It allows to remove all allocations within a task, except for recursive calls. This results in the entire stack of a task being in one allocation (if the task is not recursive, which is almost always the case, for exactly this reason), exactly like you describe the advantage of Go. And unlike Go, that stack space is perfectly sized, and will never need to grow, whereas go is required to reallocate the stack if you hit the limit, an expensive operation that could occur at an unknown point in your program.
Again, no magic. Future trait impl stores all the state machine that Rust can see statically. If you have complicated code that needs dynamic dispatch or if you need recursive calls, Rust will also have to allocate.
This is not at all that different from Go, except that Go preallocates stack without doing any analysis.

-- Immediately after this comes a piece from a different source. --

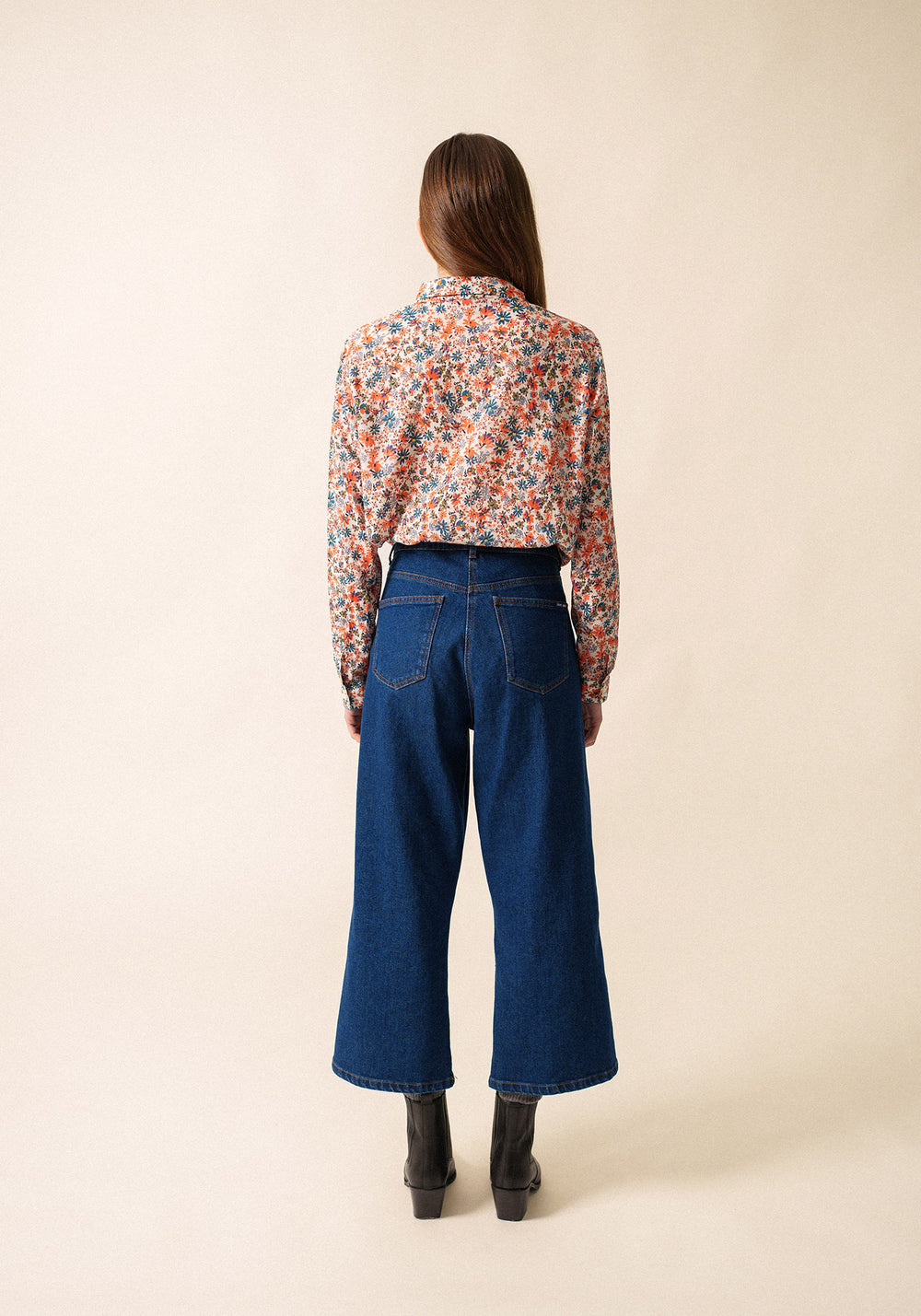 Fanny Veil Blouse (FLORAL)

Actually... I can fix that! I can use Go's escape analysis machinery to statically check during the compilation if the stack size can be bounded by a lower number than the default 2kb. This way, I can get it to about ~600 bytes per goroutine. It will also help to speed up the code a bit, by eliding the "morestack" checks.

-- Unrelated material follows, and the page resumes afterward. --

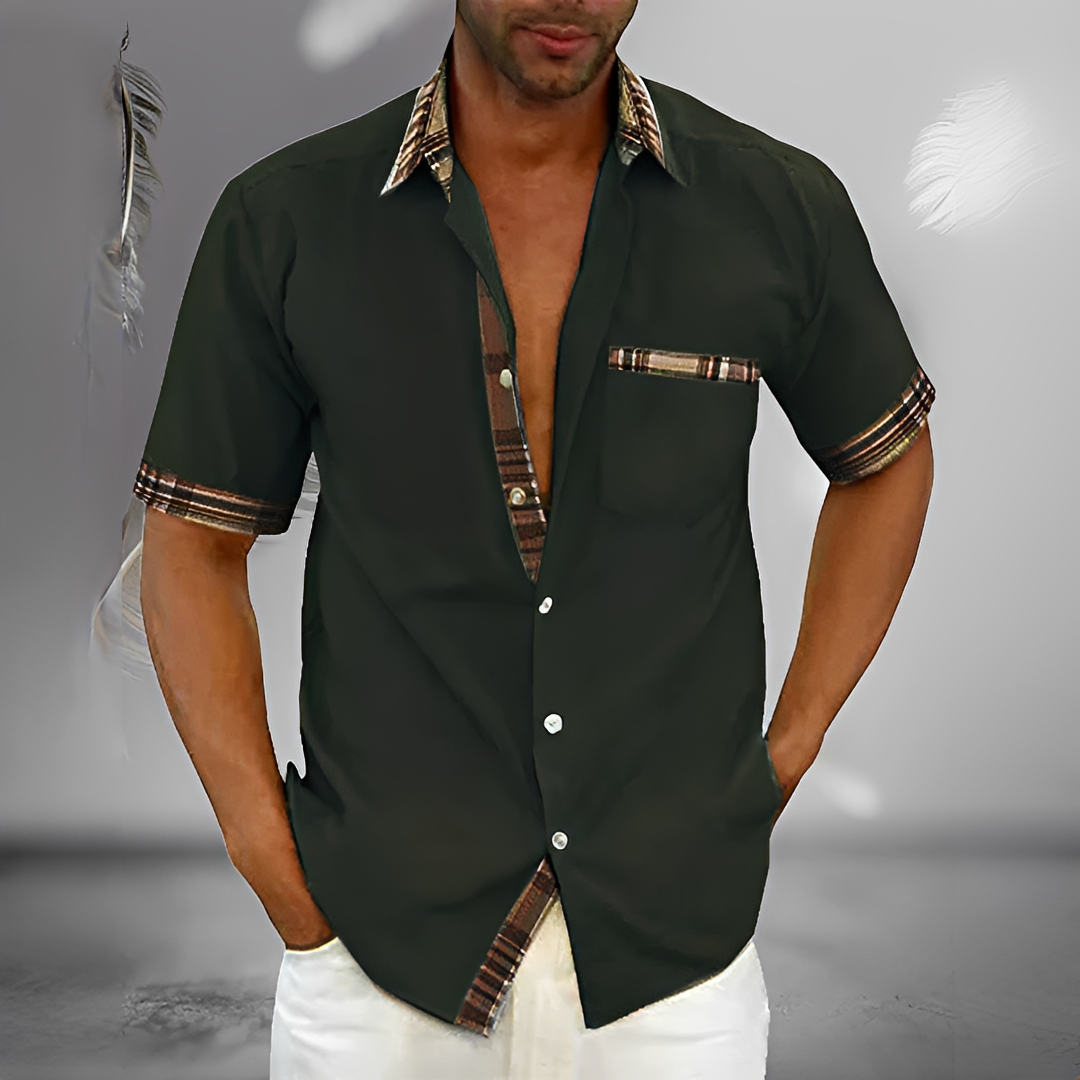 Henrick - Une chemise d'été élégante et confortable pour homme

It can be crunched a bit more, by checking if the goroutine uses timers (~100 bytes) and defers (another ~100 bytes). But this will require some tricks.
I'm NOT trying to show that Go is faster than async/await or anything similar. I'm showing that nested async/await calls are incredibly expensive compared to regular nested function calls.
You need to add to go keyword to change a normal function to a goroutine.
If you would remove async/await and Task/Return from the C# code example, it would perform pretty much the same as Go.
If you want to show that async/await calls are expensive, than you should have shown two code samples of C#, one with async/await, and one without.
Or could have done the same for Go, show one example with goroutines, and one without.
But I think everyone already know that async/await and goroutines has it's costs.
The problem is more that you are comparing Go without goroutines (without it's allocation costs) to a C# example with a poor implementation of async/await.
I'm wondering that as well. The c# code seems really unrealistic though, using a lot of tasks for CPU bound work.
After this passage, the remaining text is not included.